As the DEA began enforcing its new ban on MDMA, the overt quasi-legal manufacturers in the Netherlands were suppressed and replaced by myriads of small, shady. Fly-by-night operations. Counterfeits and adulterants became frequent, methamphetamine and DXM, the cough syrup ingredient used by many children as a weak hallucinogen, were among the most common.
The story now circles back to Miss Molly. When follow-up stories examined the Molly scare, they found the incidents had nothing to do with MDMA. Molly was a distinct synthetic chemical named ME-2, not related to MDMA except by marketing devices; and the deaths had nothing to do with MDMA.
The substitution of lethal ME-2 for benign MDMA repeats a sad dreary refrain recurring throughout the history of Prohibition. During the 1920s, thousands died and many thousands were sickened or maimed by jakeleg and sterno or by adulterated alcohol (intentionally denatured by the government with known poisons). Many – if not most – of the heroin deaths reported during the last century have been caused by adulterants or substitutions (one notorious epidemic was caused by the substitution of fentanyl for heroin).
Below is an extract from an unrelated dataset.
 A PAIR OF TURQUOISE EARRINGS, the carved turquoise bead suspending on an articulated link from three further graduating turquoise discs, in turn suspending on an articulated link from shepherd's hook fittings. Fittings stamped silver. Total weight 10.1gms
Marijuana users know what has happened when dangerous chemicals have been marketed as “synthetic” marijuana. Black markets have no chemical control; street-corner pushers are not inspected by the FDA. When Prohibitionists are confronted with these predictable and sure results of their imposed morality, they merely shrug and say, “They did it to themselves. They should have obeyed the law and abstained.” The alcohol Prohibitionists even forced the government to use a more toxic denaturant so that drinking would be even more deadly.
The Molly incidents also renewed a frequent Prohibitionist propaganda ploy. Molly was described as a purer and stronger form of MDMA, and therefore more deadly. The story was first told about heroin being stronger and more deadly than morphine. These doom-sayers proclaimed crack as a more deadly and addictive form of cocaine. Meth is decried as much worse than its urbane brother, amphetamine. And of course, their current cry is “It’s not your grandfather’s marijuana.” Fear is apparently a classically addictive substance: its compulsive users exhibit tolerance. They need larger and larger fixes to get the same result.
The Molly stories did not reveal a threat either to the youth of the nation or to public health. Both of those could easily be achieved by legalizing and regulating MDMA. What they did was provide another sad chapter in the irrational and destructive history of Prohibitionism. Now is the time to replace myth and hysteria by a factual accounting of what is really happening.
 PERSONAL DISCLAIMER: MDMA is my favorite recreational drug. For several years in the mid-90s I used it often – about once or twice a month. I stopped when counterfeits became so common that the risk of use was simply too high.